LIGHT STRAWBERRY CAKE
1 box (18.25 ounces) white or yellow reduced-sugar cake mix
1 small package (4 servings) sugar-free strawberry gelatin
1 cup strawberries, thawed if frozen, chopped if fresh
1/2 cup water
2 tablespoons canola oil
4 egg whites
Frosting:
1 tablespoon butter, softened
2 ounces fat-free cream cheese, softened
2 cups powdered sugar
Strawberries and juice to moisten (about 1 tablespoon)
1 cup fresh strawberries, for garnish
1. Preheat the oven to 350 F. Spray a 9-by-13-inch pan with nonstick cooking spray and dust lightly with flour. Set aside.
2. In a large bowl, place the cake mix, strawberry gelatin, strawberries, water and oil, and beat to combine. Add the egg whites, one at a time, beating after each addition; this should take several minutes.
3. Pour batter into prepared pan and bake for about 30 to 35 minutes, until a sharp knife inserted into the center comes out clean. Cool on a rack.

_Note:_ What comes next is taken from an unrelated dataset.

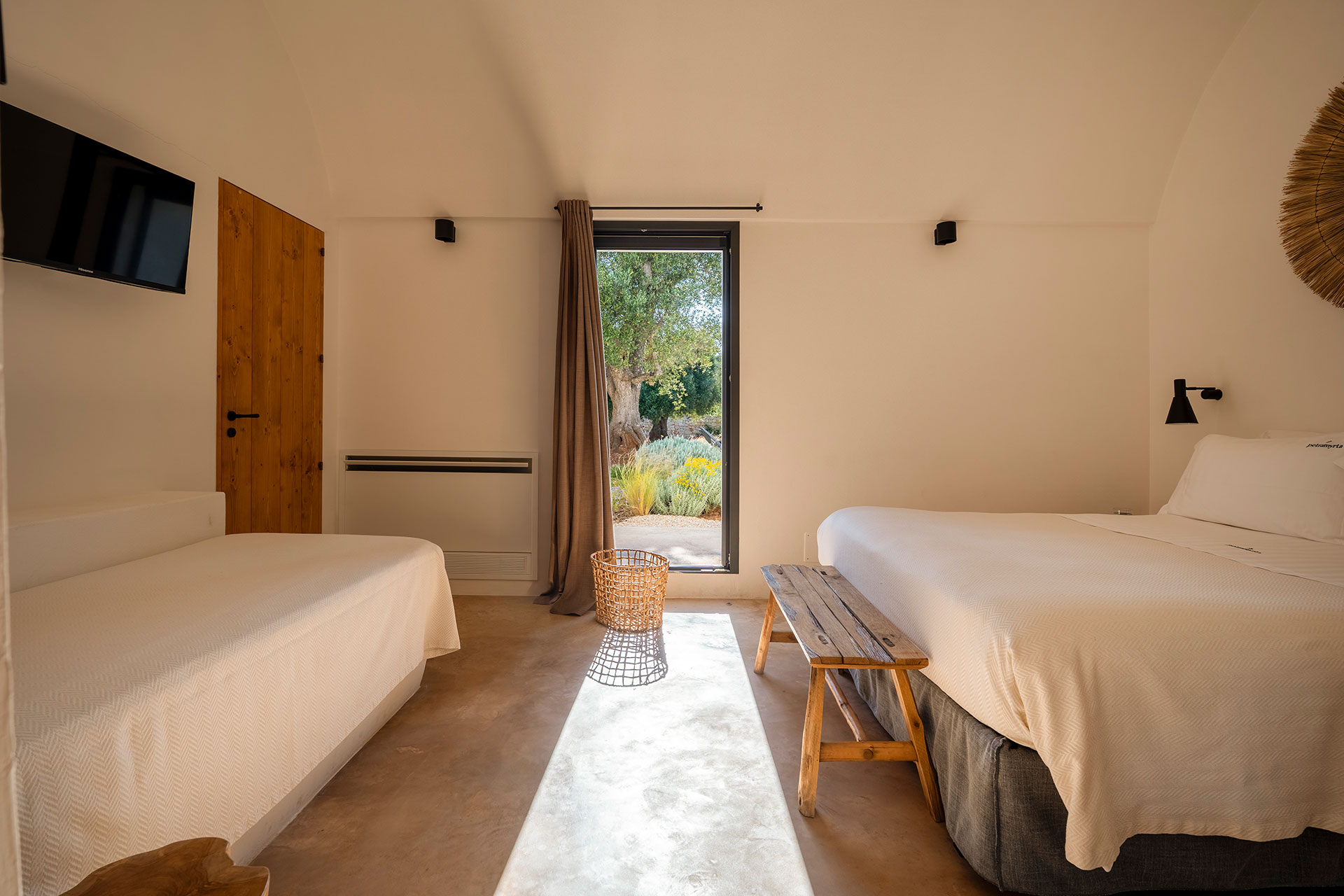 trulli-petramyrta_trullo_puglia-italy_interior-bedroom-window.jpg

4. For frosting: In a large bowl, mix together the butter and cream cheese. Add the powdered sugar and beat well. Add the strawberries a little at a time, until the icing is a good spreading consistency. Frost cake when thoroughly cooled, then garnish with strawberries, if desired.
Makes 12 servings.
Each serving contains approximately: Original Recipe: 685 calories; 33 gm fat; 93 mg cholesterol; 414 mg sodium; 93 gm carbohydrates; 5 gm protein; 1 gm fiber. Revised Recipe: 357 calories; 6 gm fat; 3 mg cholesterol; 380 mg sodium; 56 gm carbohydrates; 4 gm protein; 2 gm fiber.